## Assigned task
Only one stretch of the data below is needed. Output the lines from the one with "Buru - 6 Bed Apartment plus Study ROOM" up to and including the one with "Used 2020 Nissan NV200 S image 14", exactly as they stand.

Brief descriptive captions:

========================================================================

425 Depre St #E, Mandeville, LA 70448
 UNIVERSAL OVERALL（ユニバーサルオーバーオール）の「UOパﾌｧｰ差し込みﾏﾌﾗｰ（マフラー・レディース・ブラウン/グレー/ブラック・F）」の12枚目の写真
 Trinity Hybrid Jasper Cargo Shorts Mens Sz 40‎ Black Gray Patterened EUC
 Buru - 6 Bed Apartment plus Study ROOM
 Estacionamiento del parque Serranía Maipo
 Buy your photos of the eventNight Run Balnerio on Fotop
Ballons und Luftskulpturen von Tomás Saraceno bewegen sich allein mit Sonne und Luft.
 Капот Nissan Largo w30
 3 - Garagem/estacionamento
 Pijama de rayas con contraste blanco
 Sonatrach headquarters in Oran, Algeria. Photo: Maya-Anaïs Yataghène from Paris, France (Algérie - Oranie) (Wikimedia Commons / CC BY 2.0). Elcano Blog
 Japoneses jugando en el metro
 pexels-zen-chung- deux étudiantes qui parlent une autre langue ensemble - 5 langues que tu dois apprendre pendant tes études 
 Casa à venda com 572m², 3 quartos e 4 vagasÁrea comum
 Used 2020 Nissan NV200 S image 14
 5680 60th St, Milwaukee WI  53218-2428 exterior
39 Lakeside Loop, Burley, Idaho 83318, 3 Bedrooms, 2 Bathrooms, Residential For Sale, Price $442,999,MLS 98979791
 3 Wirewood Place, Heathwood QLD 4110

========================================================================

## Response to the exercise
 Buru - 6 Bed Apartment plus Study ROOM
 Estacionamiento del parque Serranía Maipo
 Buy your photos of the eventNight Run Balnerio on Fotop
Ballons und Luftskulpturen von Tomás Saraceno bewegen sich allein mit Sonne und Luft.
 Капот Nissan Largo w30
 3 - Garagem/estacionamento
 Pijama de rayas con contraste blanco
 Sonatrach headquarters in Oran, Algeria. Photo: Maya-Anaïs Yataghène from Paris, France (Algérie - Oranie) (Wikimedia Commons / CC BY 2.0). Elcano Blog
 Japoneses jugando en el metro
 pexels-zen-chung- deux étudiantes qui parlent une autre langue ensemble - 5 langues que tu dois apprendre pendant tes études 
 Casa à venda com 572m², 3 quartos e 4 vagasÁrea comum
 Used 2020 Nissan NV200 S image 14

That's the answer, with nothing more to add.